▶ Task directions
Go through the records underneath and count the lines that include the string "Skull". Give nothing but the number.

▶ Input for this task
=-=-=

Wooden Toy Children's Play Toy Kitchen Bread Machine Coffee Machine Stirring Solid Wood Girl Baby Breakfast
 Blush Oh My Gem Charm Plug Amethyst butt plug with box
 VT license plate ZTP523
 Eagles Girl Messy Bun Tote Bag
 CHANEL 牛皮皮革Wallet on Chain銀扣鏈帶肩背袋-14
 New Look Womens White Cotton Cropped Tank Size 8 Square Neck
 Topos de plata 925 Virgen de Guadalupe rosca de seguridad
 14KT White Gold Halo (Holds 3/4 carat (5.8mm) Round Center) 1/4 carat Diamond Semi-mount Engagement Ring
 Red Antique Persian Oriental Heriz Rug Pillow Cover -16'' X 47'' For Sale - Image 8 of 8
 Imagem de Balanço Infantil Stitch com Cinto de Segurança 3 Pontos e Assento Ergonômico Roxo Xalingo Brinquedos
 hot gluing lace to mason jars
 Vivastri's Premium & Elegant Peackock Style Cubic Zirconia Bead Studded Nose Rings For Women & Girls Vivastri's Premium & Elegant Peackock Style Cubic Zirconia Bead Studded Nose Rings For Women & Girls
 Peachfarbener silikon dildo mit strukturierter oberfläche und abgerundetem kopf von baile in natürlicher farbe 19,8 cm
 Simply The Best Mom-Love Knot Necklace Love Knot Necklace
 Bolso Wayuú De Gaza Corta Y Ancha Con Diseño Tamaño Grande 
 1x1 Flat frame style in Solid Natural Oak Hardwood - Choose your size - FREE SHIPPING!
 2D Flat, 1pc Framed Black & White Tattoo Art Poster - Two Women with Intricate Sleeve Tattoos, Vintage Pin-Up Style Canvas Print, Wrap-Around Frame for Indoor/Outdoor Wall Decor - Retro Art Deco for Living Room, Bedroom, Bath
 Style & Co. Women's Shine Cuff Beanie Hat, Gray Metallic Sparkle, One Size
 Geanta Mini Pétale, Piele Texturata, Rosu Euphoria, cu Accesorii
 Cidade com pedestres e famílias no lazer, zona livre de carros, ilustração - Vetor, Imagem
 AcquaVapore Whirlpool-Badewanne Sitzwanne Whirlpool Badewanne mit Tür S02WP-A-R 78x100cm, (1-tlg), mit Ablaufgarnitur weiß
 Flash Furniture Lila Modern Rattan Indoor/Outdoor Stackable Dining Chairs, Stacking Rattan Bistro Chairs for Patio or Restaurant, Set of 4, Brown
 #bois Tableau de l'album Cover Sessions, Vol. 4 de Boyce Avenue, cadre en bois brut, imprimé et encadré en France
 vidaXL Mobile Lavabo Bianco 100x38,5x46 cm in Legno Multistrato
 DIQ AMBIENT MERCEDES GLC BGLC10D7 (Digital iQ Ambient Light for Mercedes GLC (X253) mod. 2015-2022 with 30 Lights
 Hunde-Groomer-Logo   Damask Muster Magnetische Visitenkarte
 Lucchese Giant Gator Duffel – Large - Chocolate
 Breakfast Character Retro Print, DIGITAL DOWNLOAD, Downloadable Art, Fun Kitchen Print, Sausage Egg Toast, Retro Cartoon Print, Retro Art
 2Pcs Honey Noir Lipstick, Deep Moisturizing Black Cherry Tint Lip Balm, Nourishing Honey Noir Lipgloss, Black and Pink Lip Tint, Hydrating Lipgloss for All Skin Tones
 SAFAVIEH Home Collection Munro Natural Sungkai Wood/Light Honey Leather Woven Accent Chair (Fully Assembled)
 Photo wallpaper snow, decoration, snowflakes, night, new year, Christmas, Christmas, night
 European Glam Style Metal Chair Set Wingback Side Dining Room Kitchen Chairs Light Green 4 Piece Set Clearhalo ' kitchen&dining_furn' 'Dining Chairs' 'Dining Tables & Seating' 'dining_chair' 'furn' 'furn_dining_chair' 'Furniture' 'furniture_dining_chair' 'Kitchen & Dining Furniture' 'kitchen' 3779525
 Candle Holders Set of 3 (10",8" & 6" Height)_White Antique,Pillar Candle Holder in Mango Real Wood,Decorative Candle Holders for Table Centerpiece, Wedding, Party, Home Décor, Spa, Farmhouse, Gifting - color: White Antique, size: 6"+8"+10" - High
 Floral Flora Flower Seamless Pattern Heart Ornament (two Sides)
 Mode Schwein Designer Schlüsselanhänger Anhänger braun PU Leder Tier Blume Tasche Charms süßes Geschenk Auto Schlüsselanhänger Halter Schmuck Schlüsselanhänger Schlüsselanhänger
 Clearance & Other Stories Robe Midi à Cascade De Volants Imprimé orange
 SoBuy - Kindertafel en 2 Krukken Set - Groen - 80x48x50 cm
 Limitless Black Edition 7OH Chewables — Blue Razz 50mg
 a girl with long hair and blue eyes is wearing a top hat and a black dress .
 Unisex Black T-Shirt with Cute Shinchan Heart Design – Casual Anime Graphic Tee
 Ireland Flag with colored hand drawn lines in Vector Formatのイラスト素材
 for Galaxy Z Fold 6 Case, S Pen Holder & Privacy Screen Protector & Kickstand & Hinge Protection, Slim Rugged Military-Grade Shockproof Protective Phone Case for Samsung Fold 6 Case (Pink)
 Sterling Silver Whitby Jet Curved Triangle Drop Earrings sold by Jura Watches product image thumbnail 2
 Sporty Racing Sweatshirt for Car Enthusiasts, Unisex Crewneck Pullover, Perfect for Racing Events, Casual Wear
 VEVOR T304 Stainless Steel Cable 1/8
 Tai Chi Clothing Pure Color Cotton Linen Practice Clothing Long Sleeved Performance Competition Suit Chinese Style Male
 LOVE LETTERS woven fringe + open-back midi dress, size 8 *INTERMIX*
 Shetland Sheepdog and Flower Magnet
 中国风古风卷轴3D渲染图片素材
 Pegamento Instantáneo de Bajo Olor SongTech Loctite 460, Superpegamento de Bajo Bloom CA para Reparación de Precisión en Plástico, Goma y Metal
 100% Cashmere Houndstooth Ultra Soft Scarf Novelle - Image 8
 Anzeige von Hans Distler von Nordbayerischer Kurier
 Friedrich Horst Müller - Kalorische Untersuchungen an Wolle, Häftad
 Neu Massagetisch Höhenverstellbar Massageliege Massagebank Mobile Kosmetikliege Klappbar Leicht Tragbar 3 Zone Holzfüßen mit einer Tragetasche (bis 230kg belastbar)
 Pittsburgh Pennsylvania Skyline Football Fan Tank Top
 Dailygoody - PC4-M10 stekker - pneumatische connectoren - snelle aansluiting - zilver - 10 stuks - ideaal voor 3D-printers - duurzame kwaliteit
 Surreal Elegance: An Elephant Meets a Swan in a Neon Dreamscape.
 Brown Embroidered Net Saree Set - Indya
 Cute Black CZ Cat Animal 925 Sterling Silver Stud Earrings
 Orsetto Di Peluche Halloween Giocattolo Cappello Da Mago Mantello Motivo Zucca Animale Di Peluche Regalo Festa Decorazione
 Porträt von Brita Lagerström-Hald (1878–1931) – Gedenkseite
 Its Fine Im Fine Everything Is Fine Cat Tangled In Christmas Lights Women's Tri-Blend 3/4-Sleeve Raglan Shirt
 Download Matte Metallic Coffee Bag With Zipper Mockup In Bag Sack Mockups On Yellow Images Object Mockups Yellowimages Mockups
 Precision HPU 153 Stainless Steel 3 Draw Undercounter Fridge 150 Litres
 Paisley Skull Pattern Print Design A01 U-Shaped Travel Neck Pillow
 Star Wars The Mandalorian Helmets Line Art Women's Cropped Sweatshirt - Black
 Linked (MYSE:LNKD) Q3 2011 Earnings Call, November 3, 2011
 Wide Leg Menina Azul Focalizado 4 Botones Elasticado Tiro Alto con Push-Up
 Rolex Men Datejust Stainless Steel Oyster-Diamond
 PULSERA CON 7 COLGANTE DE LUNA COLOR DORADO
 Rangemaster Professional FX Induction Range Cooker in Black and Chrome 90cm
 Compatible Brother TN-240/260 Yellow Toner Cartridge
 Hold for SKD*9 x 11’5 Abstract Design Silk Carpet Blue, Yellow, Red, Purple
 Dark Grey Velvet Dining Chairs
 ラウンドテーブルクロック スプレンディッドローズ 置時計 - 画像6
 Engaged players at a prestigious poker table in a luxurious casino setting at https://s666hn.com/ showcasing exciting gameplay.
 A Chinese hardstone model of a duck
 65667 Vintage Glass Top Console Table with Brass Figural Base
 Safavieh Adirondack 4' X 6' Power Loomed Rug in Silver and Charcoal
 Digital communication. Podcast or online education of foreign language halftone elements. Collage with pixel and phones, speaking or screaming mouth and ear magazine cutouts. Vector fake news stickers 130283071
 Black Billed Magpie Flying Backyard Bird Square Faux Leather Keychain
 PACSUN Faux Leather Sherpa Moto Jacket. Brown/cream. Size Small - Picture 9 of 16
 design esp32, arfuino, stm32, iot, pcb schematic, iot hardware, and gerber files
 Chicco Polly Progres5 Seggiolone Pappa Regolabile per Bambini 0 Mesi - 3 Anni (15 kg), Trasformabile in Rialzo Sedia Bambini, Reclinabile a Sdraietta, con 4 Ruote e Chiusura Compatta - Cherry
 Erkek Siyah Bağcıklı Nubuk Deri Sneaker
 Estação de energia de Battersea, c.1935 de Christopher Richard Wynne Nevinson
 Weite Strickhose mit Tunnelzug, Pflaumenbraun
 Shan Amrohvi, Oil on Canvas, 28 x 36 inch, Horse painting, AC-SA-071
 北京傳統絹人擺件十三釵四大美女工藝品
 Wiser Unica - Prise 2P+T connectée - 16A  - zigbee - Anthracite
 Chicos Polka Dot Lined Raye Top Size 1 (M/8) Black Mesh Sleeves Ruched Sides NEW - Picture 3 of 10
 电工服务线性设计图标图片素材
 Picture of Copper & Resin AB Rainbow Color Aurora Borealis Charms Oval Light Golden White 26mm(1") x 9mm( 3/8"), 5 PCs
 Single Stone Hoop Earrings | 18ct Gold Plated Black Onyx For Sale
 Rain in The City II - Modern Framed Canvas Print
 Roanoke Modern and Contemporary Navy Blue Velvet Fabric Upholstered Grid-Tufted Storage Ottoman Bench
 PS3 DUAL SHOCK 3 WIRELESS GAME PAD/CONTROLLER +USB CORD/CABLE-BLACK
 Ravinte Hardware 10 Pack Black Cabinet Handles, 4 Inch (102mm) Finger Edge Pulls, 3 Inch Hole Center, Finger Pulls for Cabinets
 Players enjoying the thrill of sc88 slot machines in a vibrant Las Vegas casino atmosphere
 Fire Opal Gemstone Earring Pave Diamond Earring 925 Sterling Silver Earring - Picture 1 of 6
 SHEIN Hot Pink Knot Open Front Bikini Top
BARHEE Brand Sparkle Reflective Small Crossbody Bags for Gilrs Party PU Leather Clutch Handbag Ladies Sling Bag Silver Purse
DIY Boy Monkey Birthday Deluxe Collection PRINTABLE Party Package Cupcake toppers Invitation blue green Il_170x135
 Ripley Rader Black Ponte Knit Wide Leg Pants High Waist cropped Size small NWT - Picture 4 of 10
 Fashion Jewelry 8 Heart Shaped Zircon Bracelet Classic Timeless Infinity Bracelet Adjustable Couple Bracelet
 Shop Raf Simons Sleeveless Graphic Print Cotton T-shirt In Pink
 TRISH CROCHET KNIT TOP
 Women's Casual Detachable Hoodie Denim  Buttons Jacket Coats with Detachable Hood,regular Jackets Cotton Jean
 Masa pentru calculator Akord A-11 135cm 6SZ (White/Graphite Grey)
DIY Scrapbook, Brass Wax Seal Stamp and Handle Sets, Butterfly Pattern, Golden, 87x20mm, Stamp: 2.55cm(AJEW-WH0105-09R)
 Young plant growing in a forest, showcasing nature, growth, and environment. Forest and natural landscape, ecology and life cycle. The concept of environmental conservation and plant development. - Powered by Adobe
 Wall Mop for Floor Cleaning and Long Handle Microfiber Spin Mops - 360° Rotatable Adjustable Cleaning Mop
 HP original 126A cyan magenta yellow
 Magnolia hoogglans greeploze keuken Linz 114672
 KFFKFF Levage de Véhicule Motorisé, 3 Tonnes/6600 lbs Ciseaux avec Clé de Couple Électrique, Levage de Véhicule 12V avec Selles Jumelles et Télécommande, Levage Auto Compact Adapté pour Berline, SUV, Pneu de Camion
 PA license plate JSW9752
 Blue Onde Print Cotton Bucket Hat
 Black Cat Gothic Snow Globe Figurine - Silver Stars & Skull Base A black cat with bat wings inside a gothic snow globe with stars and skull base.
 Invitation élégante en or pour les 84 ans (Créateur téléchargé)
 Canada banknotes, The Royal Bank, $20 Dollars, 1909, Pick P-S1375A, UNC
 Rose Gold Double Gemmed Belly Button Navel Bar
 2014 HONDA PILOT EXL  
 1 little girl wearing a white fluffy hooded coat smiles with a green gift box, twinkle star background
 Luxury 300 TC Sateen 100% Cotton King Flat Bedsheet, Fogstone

=-=-=

▶ Output of the task
2